Texte intégral
OGH 10Nc18/04k
- Dokumenttyp: Entscheidungstext
- Entscheidungsdatum: 23.07.2004
Kopf
Der Oberste Gerichtshof hat durch den Senatspräsidenten des Obersten Gerichtshofes Dr. Bauer als Vorsitzenden sowie die Hofräte des Obersten Gerichtshofes Dr. Fellinger und Dr. Hoch als weitere Richter in der Rechtssache der klagenden Partei Manuela L*****, gegen die beklagte Partei Land Tirol, vertreten durch den Landeshauptmann DDr. Herwig van Staa, Landhaus, 6010 Innsbruck, Eduard-Wallnöfer-Platz 3, wegen Unterlassung und Widerruf (Streitwert EUR 3.600), über den Antrag der Klägerin auf Delegierung den Beschluss
gefasst:
Spruch
Der Antrag auf Delegierung der Rechtssache an das Bezirksgericht Zistersdorf wird abgewiesen.
Begründung
Begründung:
Die ursprünglich beim Bezirksgericht Reutte eingebrachte Klage wurde gemäß § 261 Abs 6 ZPO an das Bezirksgericht Innsbruck überwiesen. Die Klägerin beantragte die Delegierung der Rechtssache an das Bezirksgericht Zisterdorf, in dessen Sprengel die Klägerin ihren Wohnsitz hat.

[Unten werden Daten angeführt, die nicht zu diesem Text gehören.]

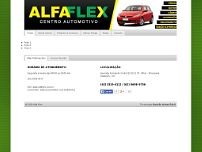 Screenshot for www.alfaflex.com.br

Die beklagte Partei sprach sich gegen eine Delegierung aus; die beantragte Delegierung sei iSd § 31 JN nicht zweckmäßig. Das Vorlagegericht hat sich zum Delegierungsantrag nicht geäußert.
Der Antrag ist nicht berechtigt.
Gemäß § 31 JN kann aus Gründen der Zweckmäßigkeit auf Antrag einer Partei anstelle des zuständigen Gerichts ein anderes zur Verhandlung und Entscheidung bestimmt werden. Zweckmäßig ist eine Delegierung dann, wenn die Zuständigkeitsübertragung an das andere Gericht zu einer wesentlichen Verkürzung des Prozesses, zu einer Erleichterung des Gerichtszuganges und der Amtstätigkeit oder zu einer wesentlichen Verbilligung des Rechtsstreites beitragen kann (4 Nc 6/03z mwN ua). Eine Delegierung soll aber regelmäßig nur den Ausnahmefall bilden; lässt sich daher die Frage der Zweckmäßigkeit nicht eindeutig zu Gunsten beider Parteien lösen und hat eine Partei der Delegation widersprochen, so ist die Delegation abzulehnen (Mayr in Rechberger, ZPO² § 31 JN Rz 4 mwN ua).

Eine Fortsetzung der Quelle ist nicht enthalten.